Using Bollinger Bands
There are three lines used for the Bollinger band indicator: the upper, lower, and the
simple moving average that is between the two. These upper/lower bands are
plotted two standard deviations away from a simple moving average. Standard
deviation is a measure of volatility; therefore Bollinger Bands adjust themselves to
the market conditions. When the markets become more volatile, the bands widen
and they contract during less volatile periods.
The closer the prices move to the upper band, the more overbought the stock is. The
closer the prices move to the lower band, the more oversold the stock is. Below is an
example using General Electric (GE). Bollinger bands are blue for the lower, green
for the average, and red for the upper band:

We have circled three key points on this chart. The blue circle is where the stock
price started to create a "base" on the lower band, it appeared that the stock was
over sold. Buying at this point would have been a wise choice, as the stock
proceeded to jump 20% or more in the next few weeks.
The two red circles are areas where the stock price was touching or breaking through
the upper red band. This is usually an indication that the stock is over bought. In
both instances, the stock dropped substantially in following weeks.

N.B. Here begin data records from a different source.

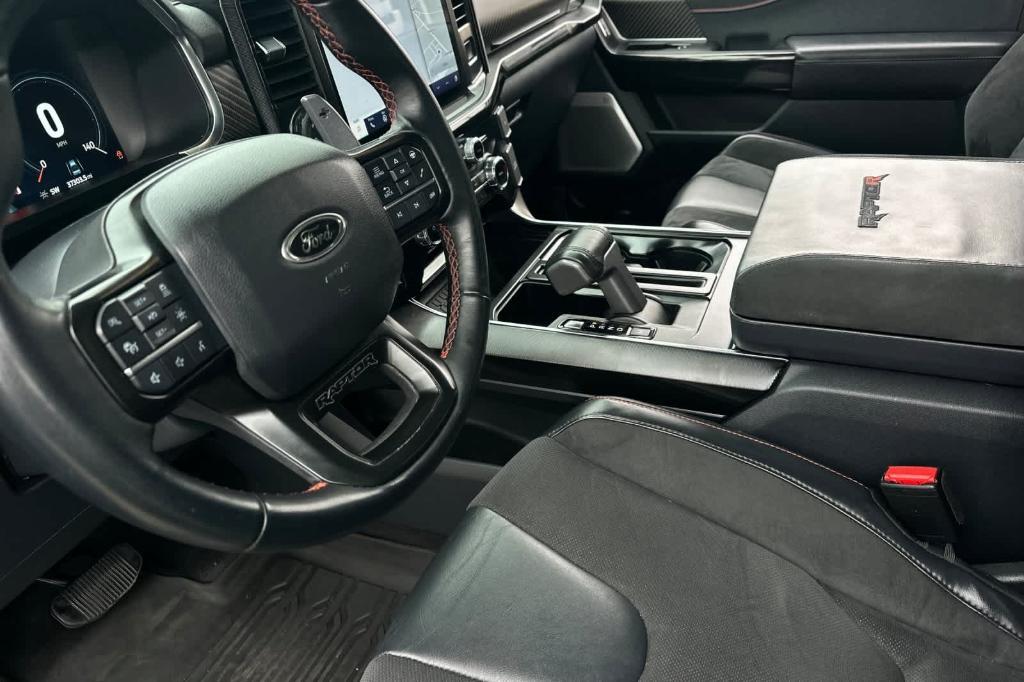 used 2023 Ford F-150 car, priced at $103,531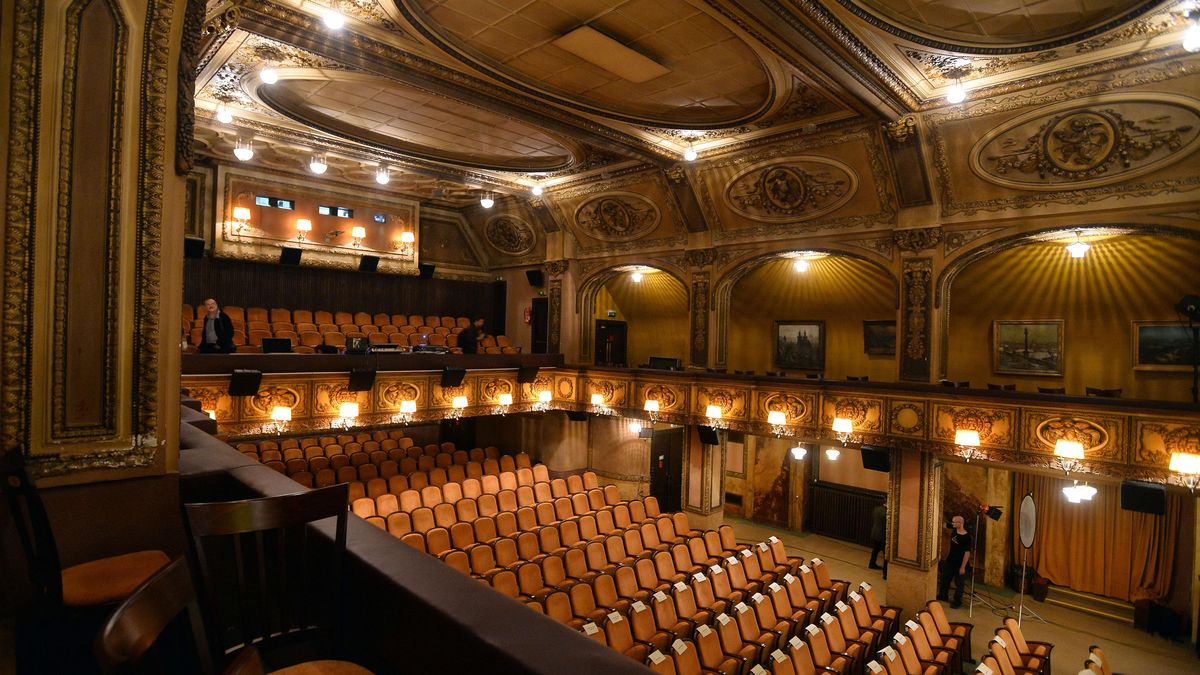 Pražské Kino Lucerna se dostalo mezi sto nejlepších na světě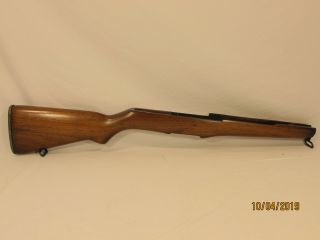 WWII USGI M1 Garand Military Rifle Stock Set w/ Sling 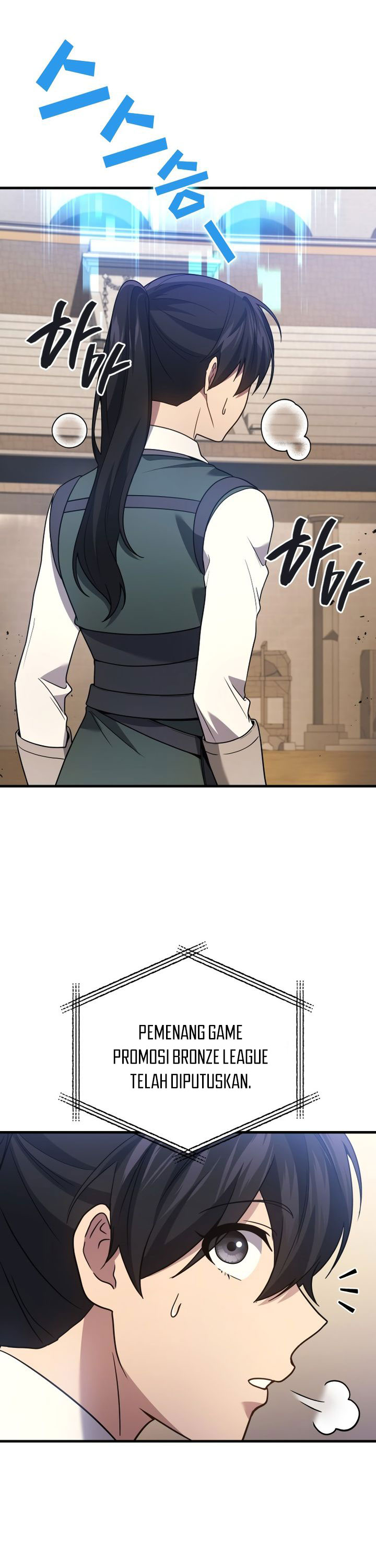 Martial God Regressed to Level 2 Chapter 79 Gambar 42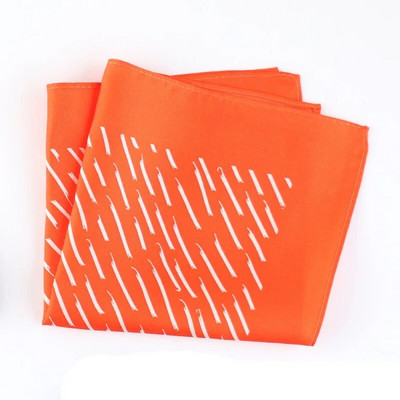 Tailor Smith 100 % šilko margintas kišeninis kvadratas Naujas mados trikampis išgalvotas stilius nosinė Prabangus vyriškas Populiarus rankinės aksesuaras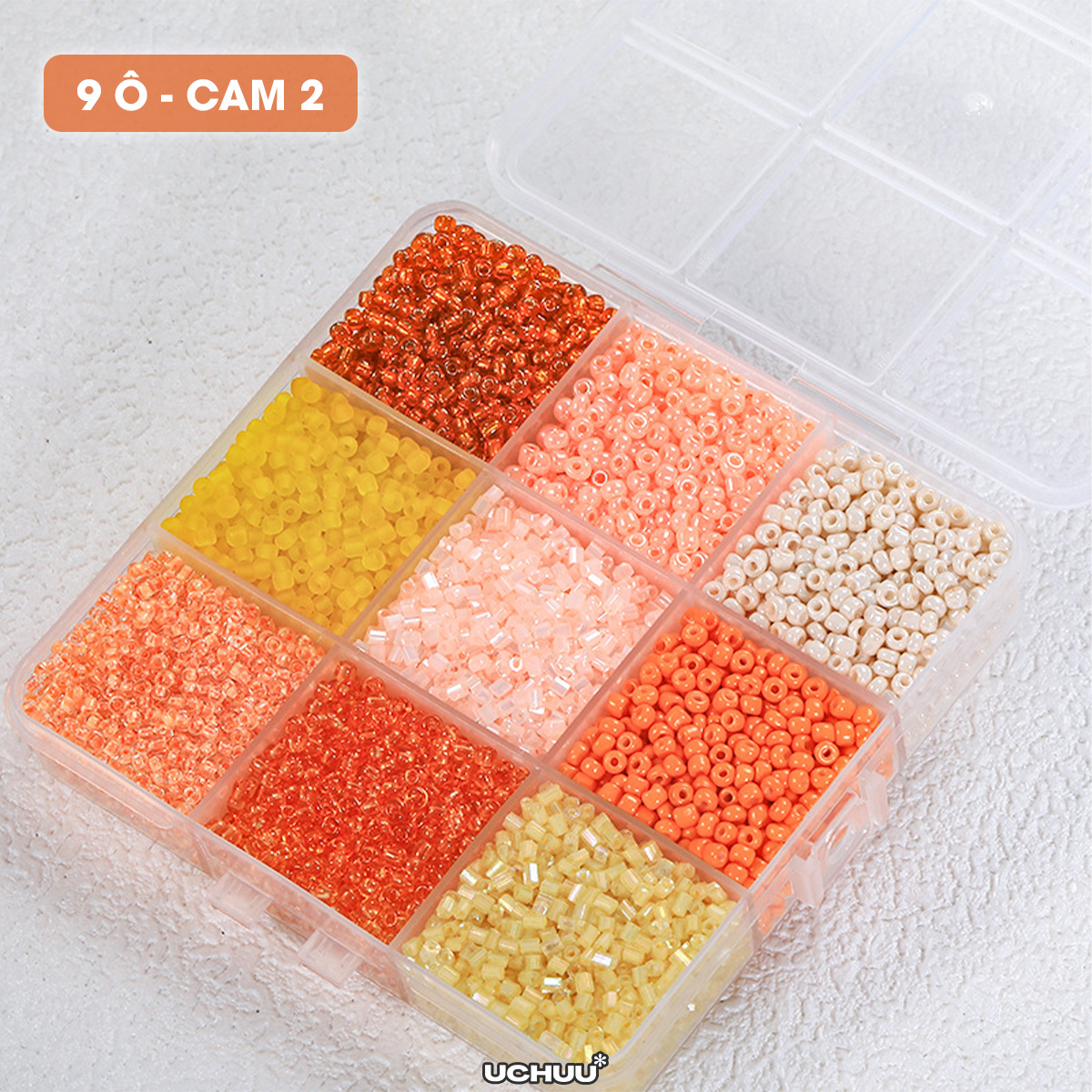 Set Cườm Xỏ Hạt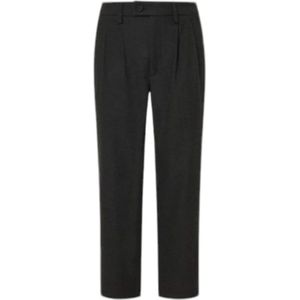 Pepe Jeans - PM211760 - Chino Broek - Grijs - Polyester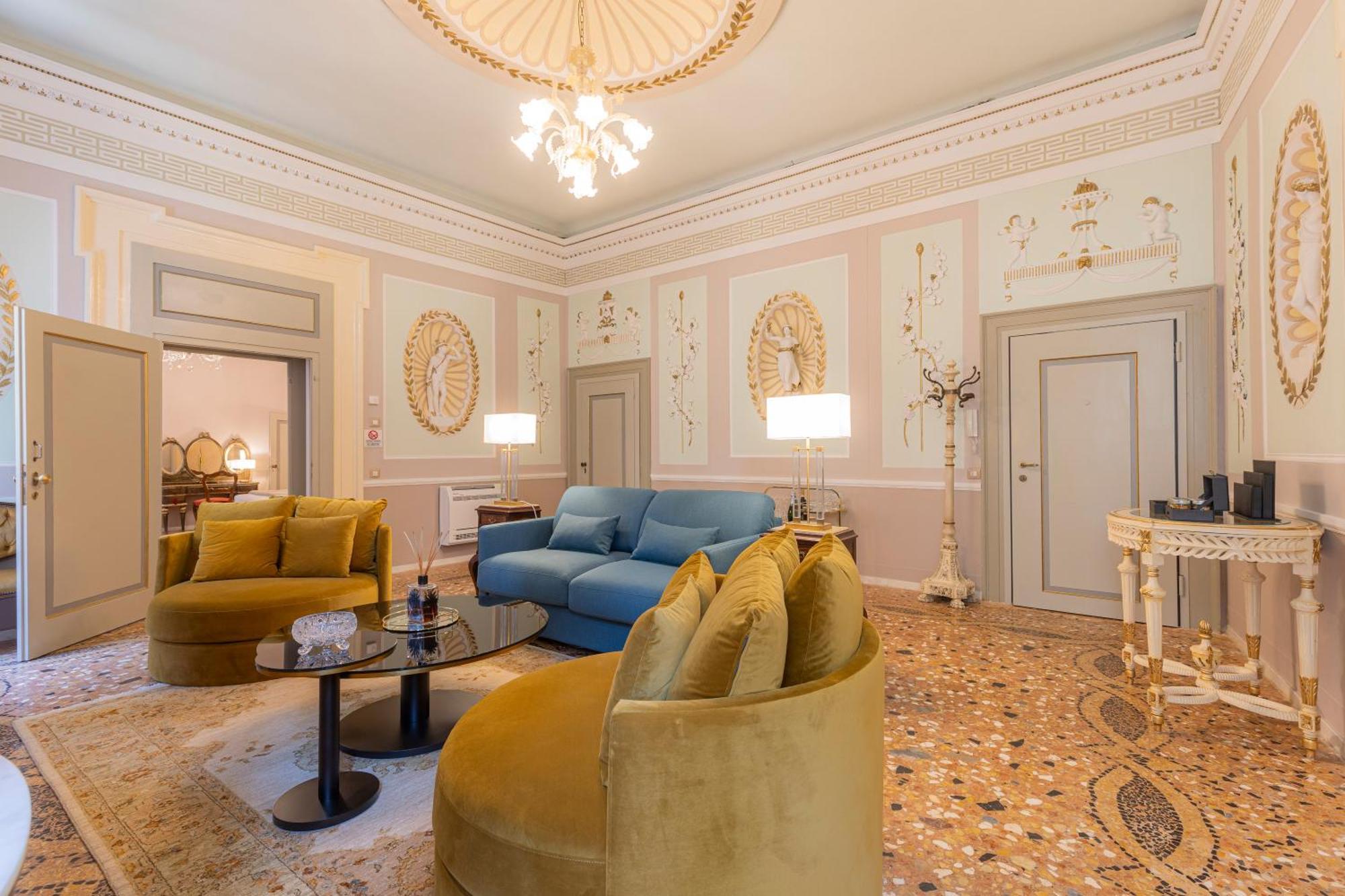 Corte Realdi - Palazzo Camozzini Verona Exteriör bild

The Bollinger bands are a good tool to use, but as we've been preaching all along,
never invest solely based on what just one indicator says. Notice there were
instances when the stock touched the upper or lower band and did not react. Rather
than basing their investment decisions on Bollinger, many investors use this indicator
mainly to solidify a decision they are about to make.
Resistance and Support
Support and resistance are price levels at which movement should stop and reverse
direction. Think of Support/Resistance (S/R) as levels that act as a floor or a ceiling
to future price movements.
Support - is a price level below the current market price, at which buying interest
should be able to overcome selling pressure and thus keep the price from going any
lower.
Resistance - is a price level above the current market price, at which selling
pressure should be strong enough to overcome buying pressure and thus keep the
price from going any higher.
One of two things can happen when a stock price approaches a support/resistance
level. The first is, it can act as a reversal point, in other words, when a stock price
drops to a support level, it will go back up. The other possibility is that S/R levels
reverse roles once they are penetrated. For example, when the market price falls
below a support level, that former support level will then become a resistance level
when the market later trades back up to that level.

The chart above shows an excellent example of support and resistance levels for
General Electric (GE). Notice that once the stock price penetrated below the support
level in December, it became the resistance level.
Another characteristic you should understand is that S/R levels vary in strength,
leading to certain price levels being designated as major or minor S/R levels. For
example, a 5-year high on a bar chart would be a much more significant and useful
resistance level than a 1-month resistance level.